View Single Post
Old 01-30-2012, 08:01 PM   #5
oneillpt
Connoisseur
oneillpt began at the beginning.
 
Posts: 63
Karma: 46
Join Date: Feb 2011
Device: Kindle 3 (cracked screen!); PW1; Oasis
Quote:
Originally Posted by faber1971 View Post
Is there a tutorial for dummies?
Here is a recipe for some Meteo and snow reports, which may help you as Meteo sites are among those you mention. (The recipe is for use skiing in Valle d'Aosta, and collects the cross country snow reports for two sites, the webcams for those two sites, the summary snow report for Valle d'Aosta, the meteo and the meteo station map).
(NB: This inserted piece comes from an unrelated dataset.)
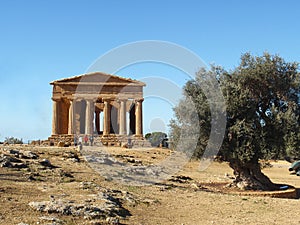 Greek temple with olive tree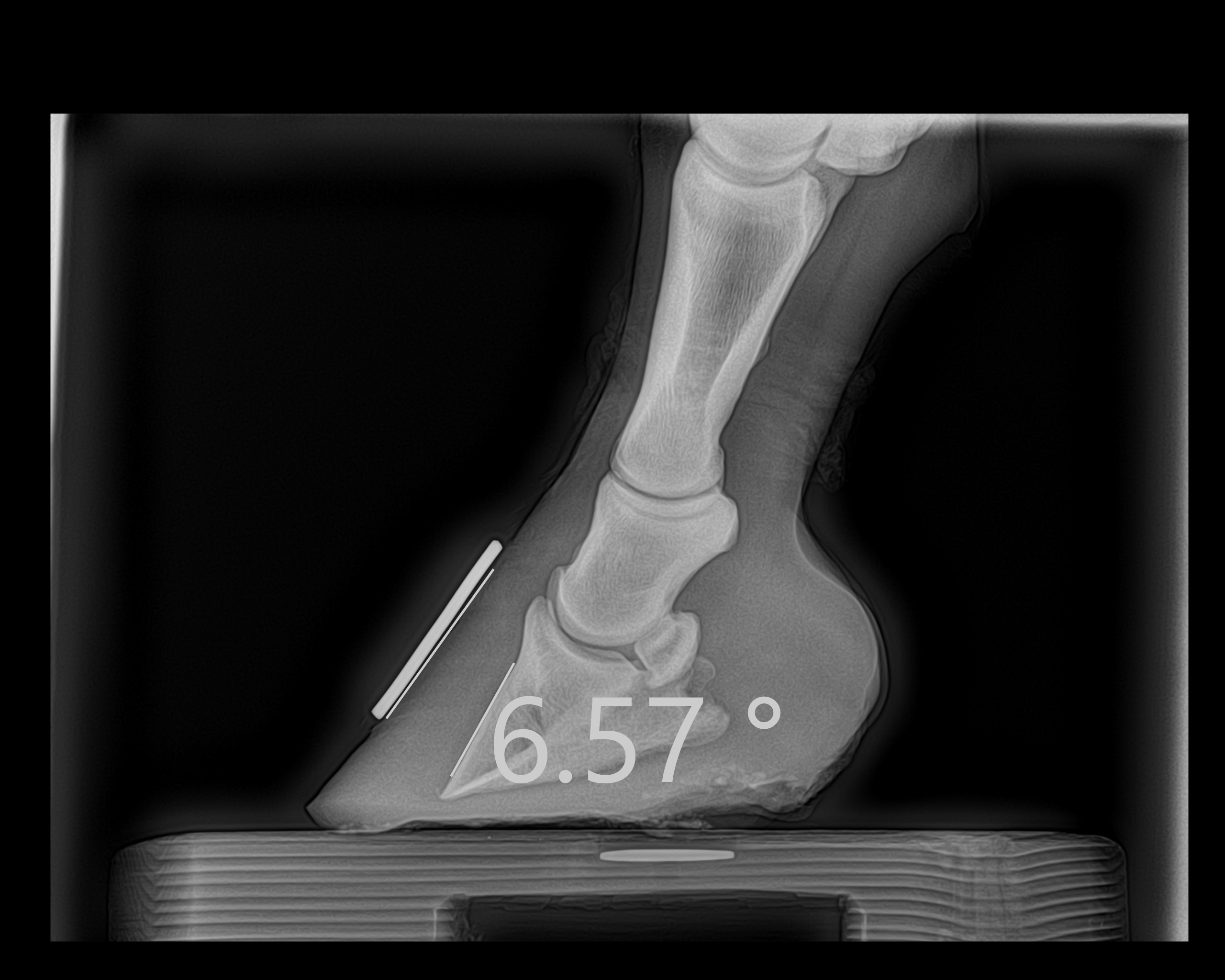 laminitis2 Mobile Veterinary Services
The recipe illustrates ways of accessing various information without RSS.

Spoiler:
Code:
from calibre.constants import config_dir, CONFIG_DIR_MODE
import os, os.path, urllib
from hashlib import md5

class AdvancedUserRecipe1327958094(BasicNewsRecipe):
    title          = u'Aosta'
    language  = 'it'
    oldest_article = 7
    max_articles_per_feed = 100
    #auto_cleanup = True
    #encoding               = 'iso-8859-1'
    #INDEX='http://www.    (not needed)
    #no_stylesheets = True
    keep_only_tags    = [
                          dict(name='div', attrs={'id':'col_dx'})
                          ,dict(name='div', attrs={'id':'content'})
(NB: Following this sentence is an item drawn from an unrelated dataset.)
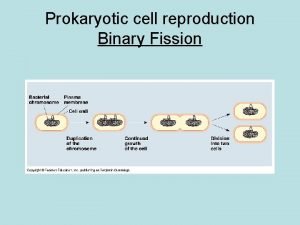 Prokaryotic cell reproduction Binary Fission Eukaryotic Cell Cycle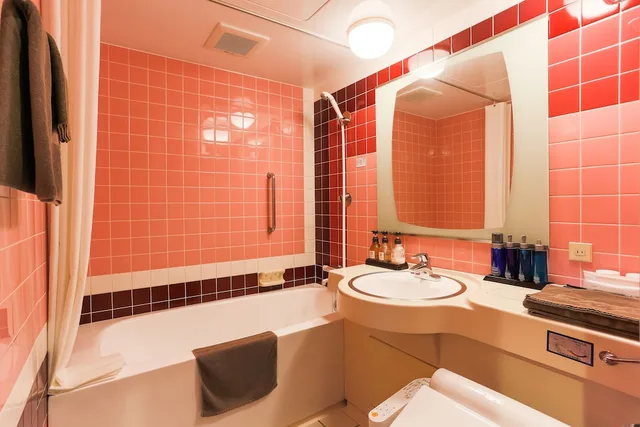 غرفة قياسية بسرير مزدوج للمدخنين، Hotel Sun Royal Kawasaki 3/3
                          ,dict(name='img', attrs={'id':'ctl00_ContentPlaceHolder1_imgRvdaMap'})
                        ]
    remove_tags    = [
                           dict(name='table', attrs={'id':'camstable'})
                        ]

    def parse_index(self):
        self.log('==> parse_index')
        recipe_dir = os.path.join(config_dir,'recipes')
        self.log('recipe_dir: ', recipe_dir)
        hash_dir = os.path.join(recipe_dir,'recipe_storage')
        self.log('hash_dir: ', hash_dir)
        feed_dir = os.path.join(hash_dir,self.title.encode('utf-8').replace('/',':'))
        self.log('feed_dir: ', feed_dir)
        if not os.path.isdir(feed_dir):
            os.makedirs(feed_dir,mode=CONFIG_DIR_MODE)
        article_wc1 = os.path.join(feed_dir,'cognejpg.html')
        self.log('article_wc1: ', article_wc1)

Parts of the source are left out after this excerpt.